Task to carry out - Set the listing down exactly; no pictures.

Recorded data -
• • • • •

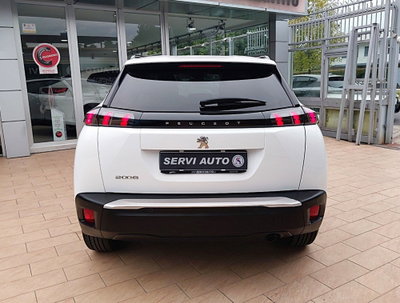 Peugeot 2008 1.2 turbo Allure 100cv (7)
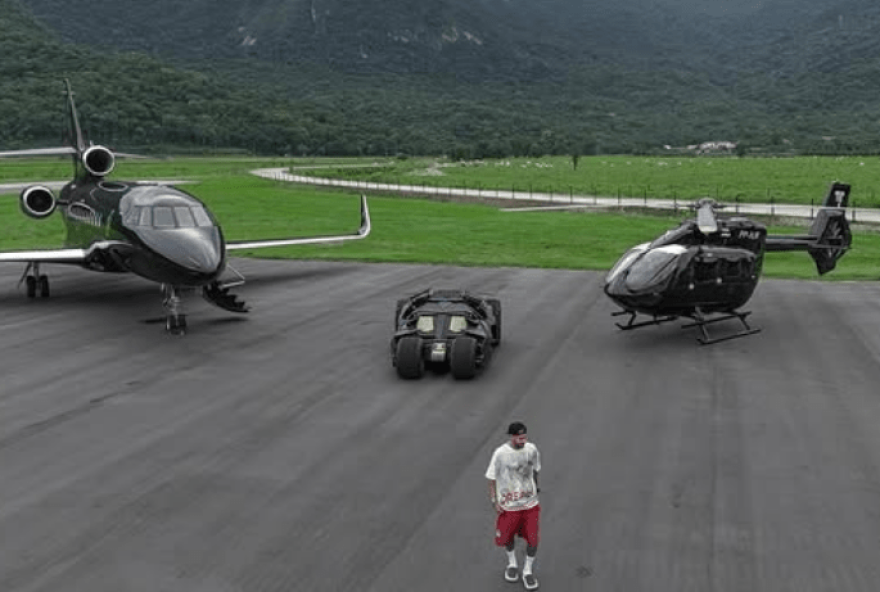 neymar-exibe-colecao-milionaria-com-batmovel2C-aviao-e-helicoptero neymar-exibe-colecao-milionaria-com-batmovel2C-aviao-e-helicoptero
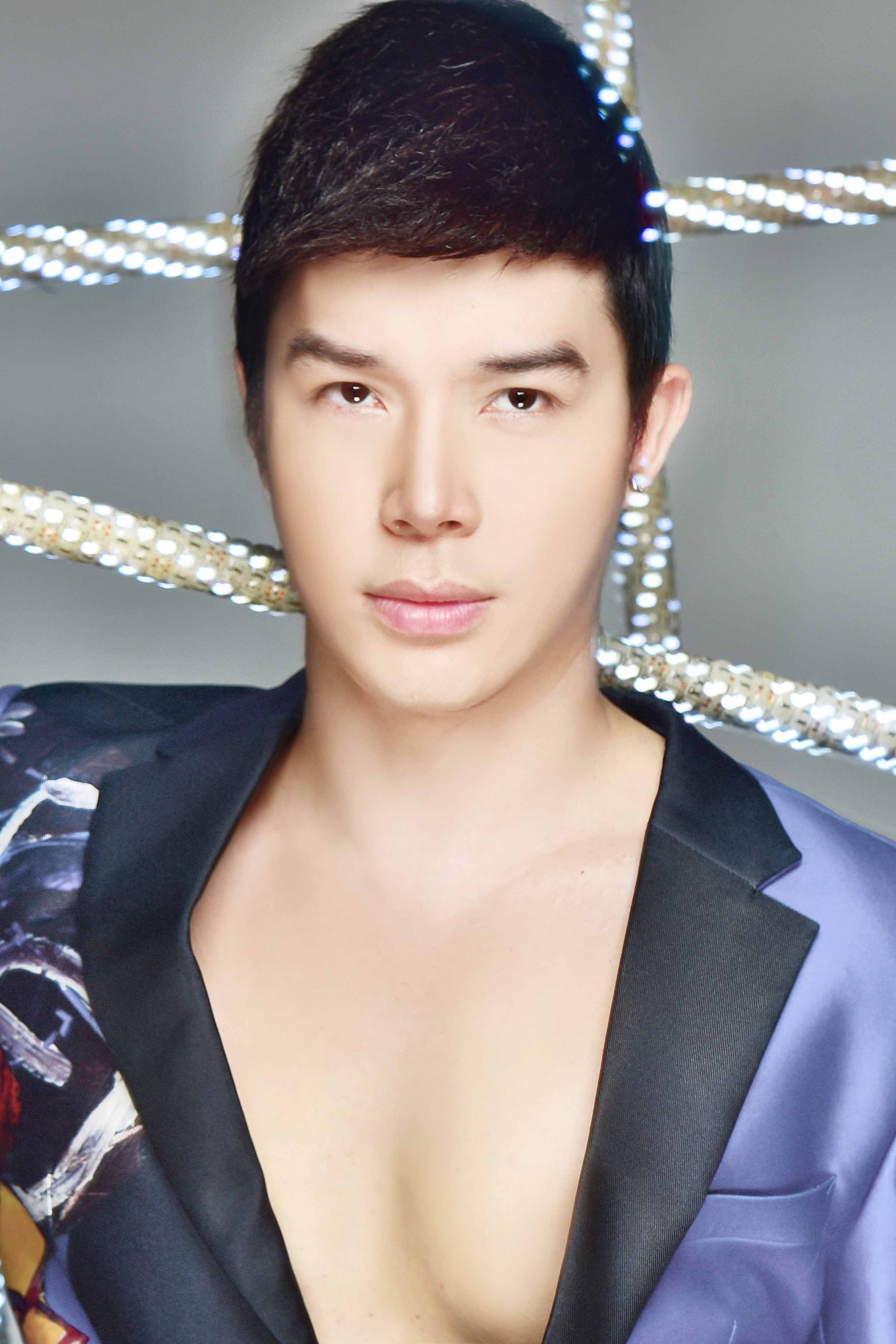 Nathan Lee chỉ chạm người đụng đến m&igrave;nh - Ảnh 1.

• • • • •

Solution below -
 Peugeot 2008 1.2 turbo Allure 100cv (7)
 neymar-exibe-colecao-milionaria-com-batmovel2C-aviao-e-helicoptero neymar-exibe-colecao-milionaria-com-batmovel2C-aviao-e-helicoptero
 Nathan Lee chỉ chạm người đụng đến m&igrave;nh - Ảnh 1.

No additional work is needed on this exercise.